Bug 43085 - libxml2 parser has a large performance overhead
Summary: libxml2 parser has a large performance overhead
Status: NEW
Alias: None
Product: WebKit
Classification: Unclassified
Component: XML (show other bugs)
Version: 528+ (Nightly build)
Hardware: All All
: P2 Normal
Assignee: Nobody
URL:
Keywords:
Depends on: 45735 52036 41427 45488 45594 45990 50516 50517
Blocks:
  Show dependency treegraph
 
Reported: 2010-07-27 15:07 PDT by Patrick R. Gansterer
Modified: 2011-06-29 06:16 PDT (History)
5 users (show)

See Also:


Attachments

Note You need to log in before you can comment on or make changes to this bug.
Description Patrick R. Gansterer 2010-07-27 15:07:45 PDT
In the current implementation of the XMLParser is much room for performance improvements.

A expat based XMLParser (see bug 41427) showed up to 25% less parsing time:
            libxml2        expat     percent
 5MB SVG:  0.7183sec     0.5356sec    -25%
10MB SVG:  1.6084sec     1.2298sec    -24%
20MB SVG:  5.4084sec     4.6952sec    -13%
Comment 1 Eric Seidel (no email) 2010-07-31 09:56:27 PDT
Long ago we used Expat.

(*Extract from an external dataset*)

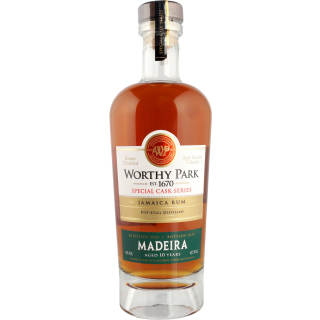 Worthy Park Madeira Special Cask Series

I don't remember why we switched to libxml2.
Comment 2 Patrick R. Gansterer 2010-07-31 09:58:07 PDT
(In reply to comment #1)
> Long ago we used Expat. I don't remember why we switched to libxml2.
because expat has no XLST support?
Comment 3 Eric Seidel (no email) 2010-07-31 10:01:58 PDT
If you're interested in this question, I suggest reading the svn logs in the xml directory in webcore. Trac.webkit.org.
Comment 4 Patrick R. Gansterer 2010-07-31 10:14:41 PDT
(In reply to comment #3)
> If you're interested in this question, I suggest reading the svn logs in the xml directory in webcore. Trac.webkit.org.
Wow, that's realy old code. ;-)
I don't think that expat will be better than libxml. IMHO only a "native" WebKit parser can avoid the time-consuming memcpy/strcpy that any 3rdparty parser has. My expat implementation avoids the UTF16->UTF8->UTF16 conversation of libxml implementation, but there are unnecessary memcpy in the expat code anyway.
Comment 5 Konstantin Tokarev 2011-06-29 05:42:56 PDT
>IMHO only a "native" WebKit parser can avoid the time-consuming memcpy/strcpy that any 3rdparty parser has.

Rapidxml does not have any memcpy/strcpy calls
Comment 6 Patrick R. Gansterer 2011-06-29 06:16:27 PDT
(In reply to comment #5)
> >IMHO only a "native" WebKit parser can avoid the time-consuming memcpy/strcpy that any 3rdparty parser has.
> 
> Rapidxml does not have any memcpy/strcpy calls

Rapidxml (like expat) has many missing features: e.g. namespace support. So it's not a real alternative for libxml2.